The Reimagining Justice in Cully pilot project is a partnership between Multnomah County’s Local Public Safety Coordinating Council (LPSCC), Multnomah County Commissioner Susheela Jayapal, the Native American Youth and Family Center, Cully neighborhood social service providers and residents, the City of Portland, and the Portland Police Bureau. The goal is to empower residents to craft a neighborhood alternative to existing law enforcement models for low-level crimes. The resulting community-driven approach will improve community safety, facilitate access to needed services, and increase trust between residents, governments, and law enforcement.
The project serves as an implementation pilot of LPSCC’s Transforming Justice (TJ) project, a three-year, human-centered effort involving justice and health system leaders, elected officials, providers, victims and survivors of crime, and individuals with lived experience. The project brings these people together to develop a long-term vision of a transformed public safety system.

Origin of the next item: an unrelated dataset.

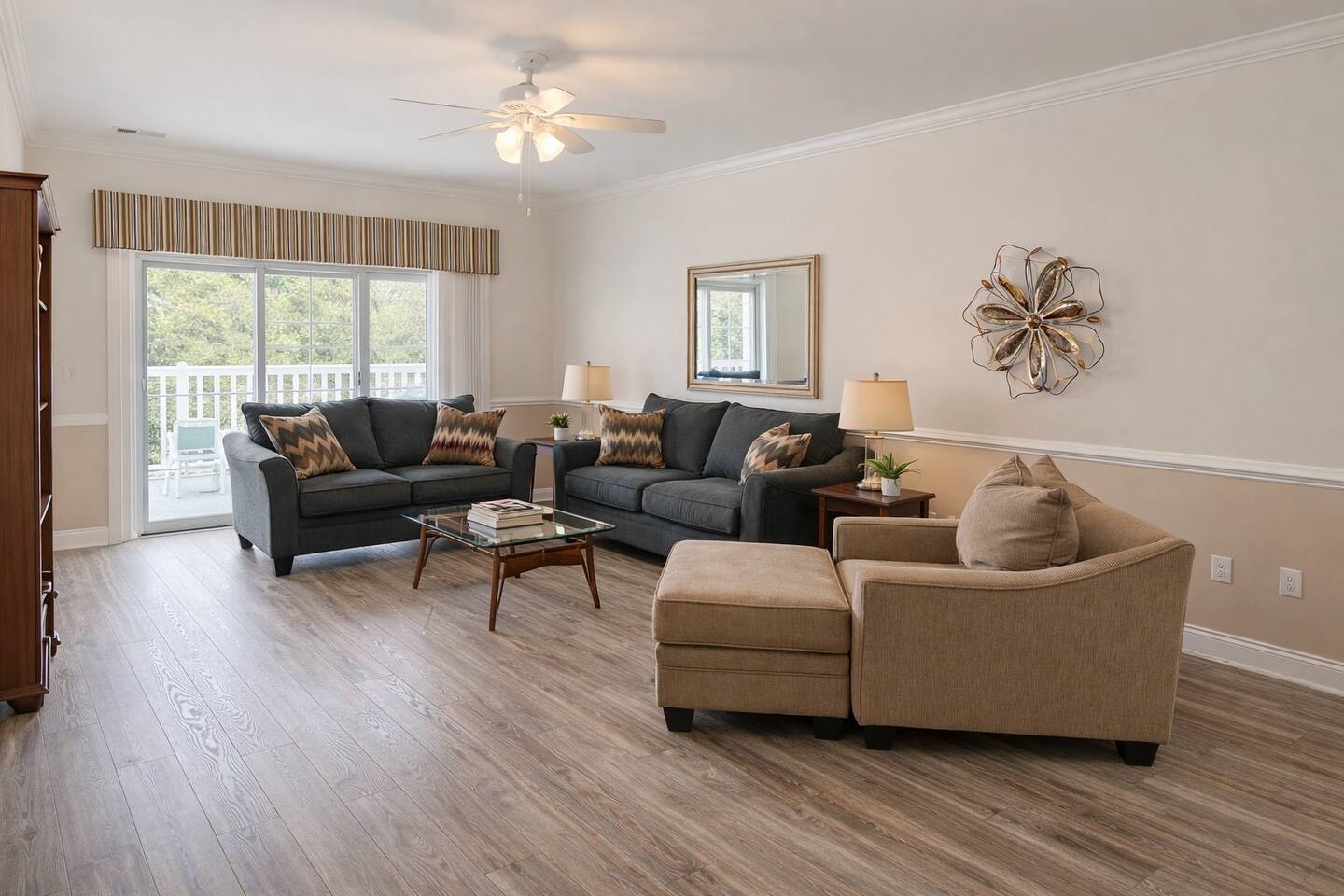 Coastal Family Condo Near Beach & Broadway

The TJ process identified 18 core strategies to achieve a fully transformed justice system, four of which are directly related to the work of the Reimagining Justice in Cully pilot project:
- Across everything we do, use human-centered, community-led design.
- Allocate funds to the community to create place-based solutions to public safety.
- Deploy interventions that reduce harm and use the criminal legal system in a more limited way.
- Prioritize community-building between law enforcement officers and the neighborhoods they patrol.
Multnomah County received a $2 million federal Bureau of Justice Assistance grant to fund the pilot.